A federal judge in Austin, Texas, threw out Lance Armstrong's lawsuit against the U.S. Anti-Doping Agency on Monday, a decision that allows the agency's drug case against the seven-time Tour de France winner to move ahead.
Armstrong, who repeatedly has denied doping, claimed in his lawsuit that USADA lacked jurisdiction and its arbitration process violates his constitutional rights.
U.S. District Judge Sam Sparks dismissed the lawsuit as speculative.
"With respect to Armstrong's due process challenges, the court agrees they are without merit," Sparks wrote in a 30-page order. "Alternatively, even if the court has jurisdiction over Armstrong's remaining claims, the court finds they are best resolved through the well-established system of international arbitration, by those with expertise in the field, rather than by the unilateral edict of a single nation's courts."

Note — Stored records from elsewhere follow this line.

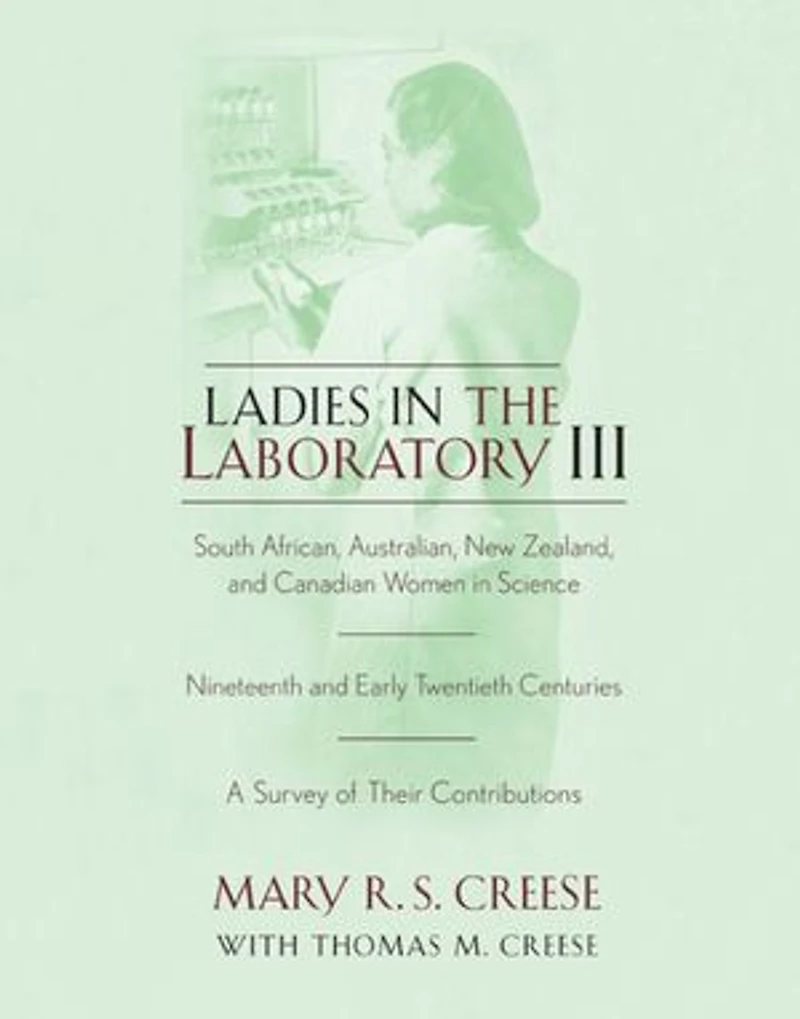 Ladies the Laboratory III: South African, Australian, New Zealand, and Canadian Women Science: Nineteenth Early Twentieth Centuries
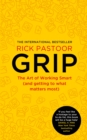 Grip : The Art of Working Smart (and Getting to What Matters Most) - eBook
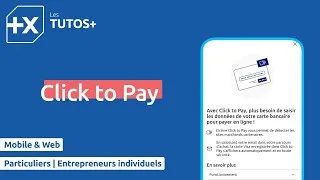 Miniature : Comment payer vos achats en ligne avec Click to Pay ? I Banque Populaire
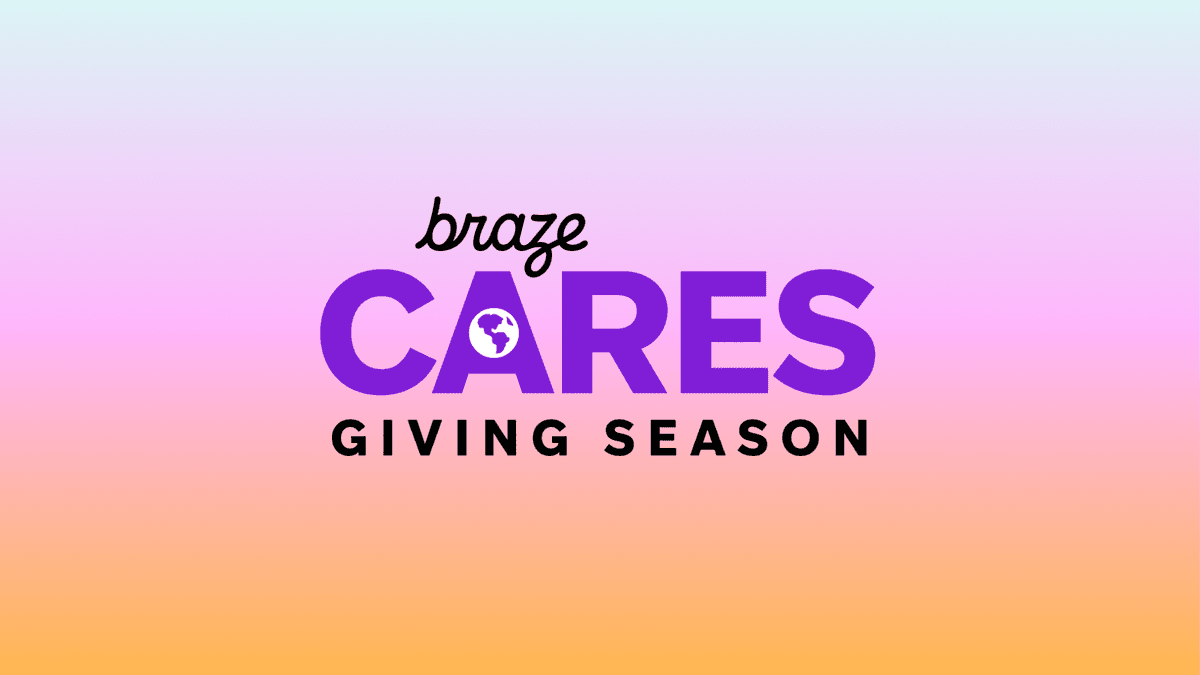 Braze Gives Back: A Season of Impact and Community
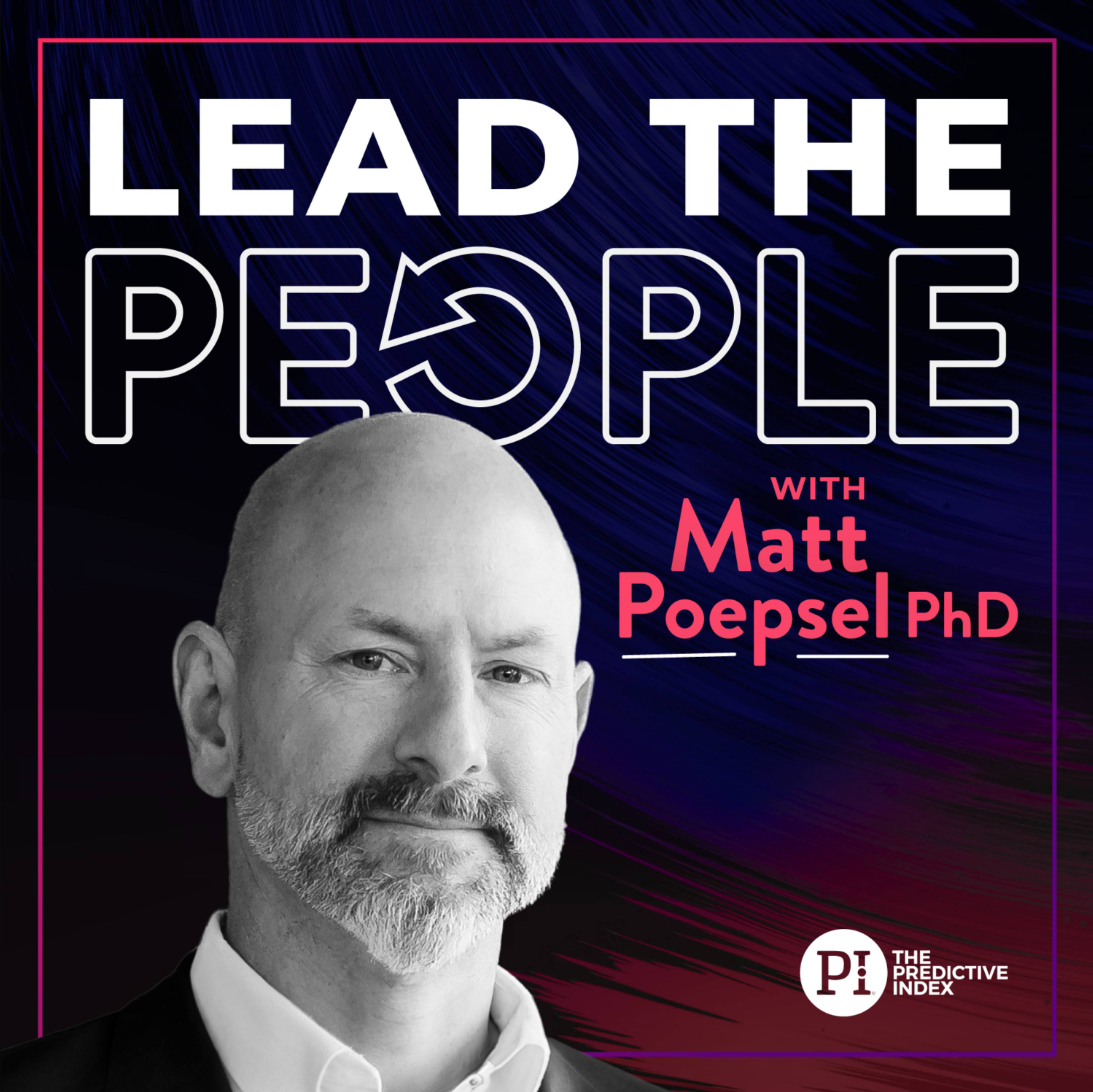 Lead the People podcast with Matt Poepsel, PhD, featuring Matt Lesser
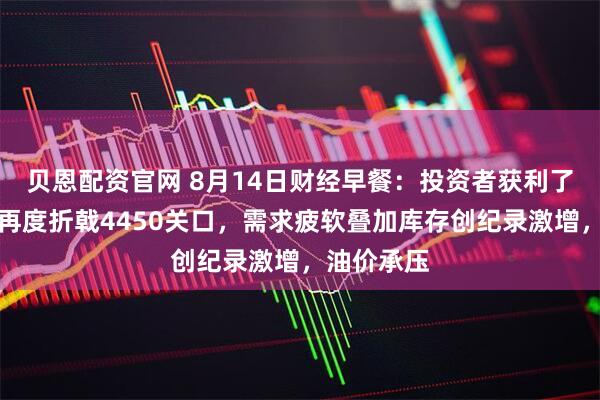 贝恩配资官网 8月14日财经早餐：投资者获利了结，金价再度折戟4450关口，需求疲软叠加库存创纪录激增，油价承压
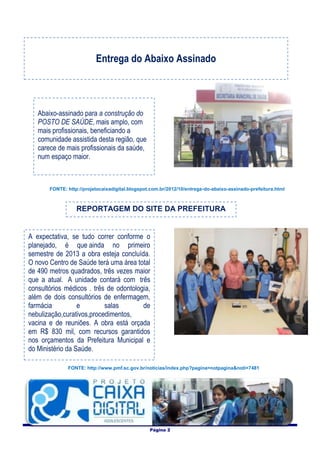 Entrega do Abaixo Assinado



   Abaixo-assinado para a construção do
   POSTO DE SAÚDE, mais amplo, com
   mais profissionais, beneficiando a
   comunidade assistida desta região, que
   carece de mais profissionais da saúde,
   num espaço maior.



       FONTE: http://projetocaixadigital.blogspot.com.br/2012/10/entrega-do-abaixo-assinado-prefeitura.html



                  REPORTAGEM DO SITE DA PREFEITURA


A expectativa, se tudo correr conforme o
planejado, é que ainda no primeiro
semestre de 2013 a obra esteja concluída.
O novo Centro de Saúde terá uma área total
de 490 metros quadrados, três vezes maior
que a atual. A unidade contará com três
consultórios médicos . três de odontologia,
além de dois consultórios de enfermagem,
farmácia          e        salas        de
nebulização,curativos,procedimentos,
vacina e de reuniões. A obra está orçada
em R$ 830 mil, com recursos garantidos
nos orçamentos da Prefeitura Municipal e
do Ministério da Saúde.

              FONTE: http://www.pmf.sc.gov.br/noticias/index.php?pagina=notpagina&noti=7481




                                                 Página 2
 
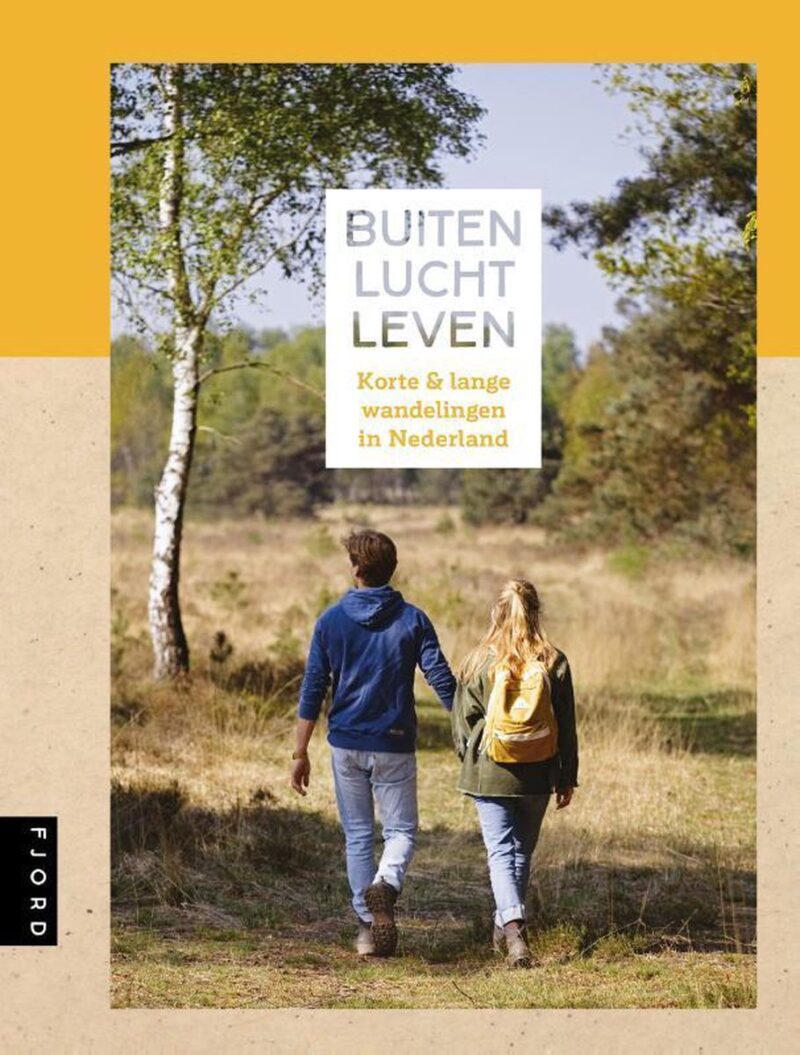 Buitenluchtleven - Korte & lange wandelingen in Nederland -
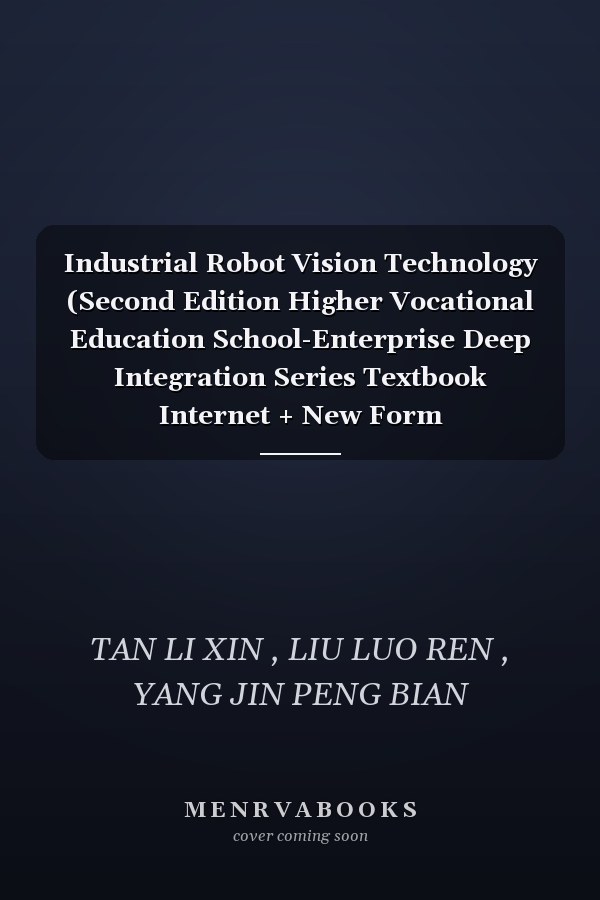 Industrial Robot Vision Technology (Second Edition Higher Vocational Education School-Enterprise Deep Integration Series Textbook Internet + New Form Textbook)(Chinese Edition)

Armstrong can try to overturn Sparks' decision by going to the 5th U.S. Circuit Court of Appeals in New Orleans. He also can agree to proceed with USADA's arbitration or accept its sanctions.
In a governing body turf war, the International Cycling Union (UCI) says it has jurisdiction in the Armstrong matter, not USADA. The cyclist could attempt to challenge USADA proceedings before the Court of Arbitration for Sport in Switzerland.
"On balance, the court finds the USADA arbitration rules, which largely follow those of the American Arbitration Association, are sufficiently robust to satisfy the requirements of due process," Sparks wrote. "This court declines to assume either the pool of potential arbitrators, or the ultimate arbitral panel itself, will be unwilling or unable to render a conscientious decision based on the evidence before it. Further, Armstrong has ample appellate avenues open to him."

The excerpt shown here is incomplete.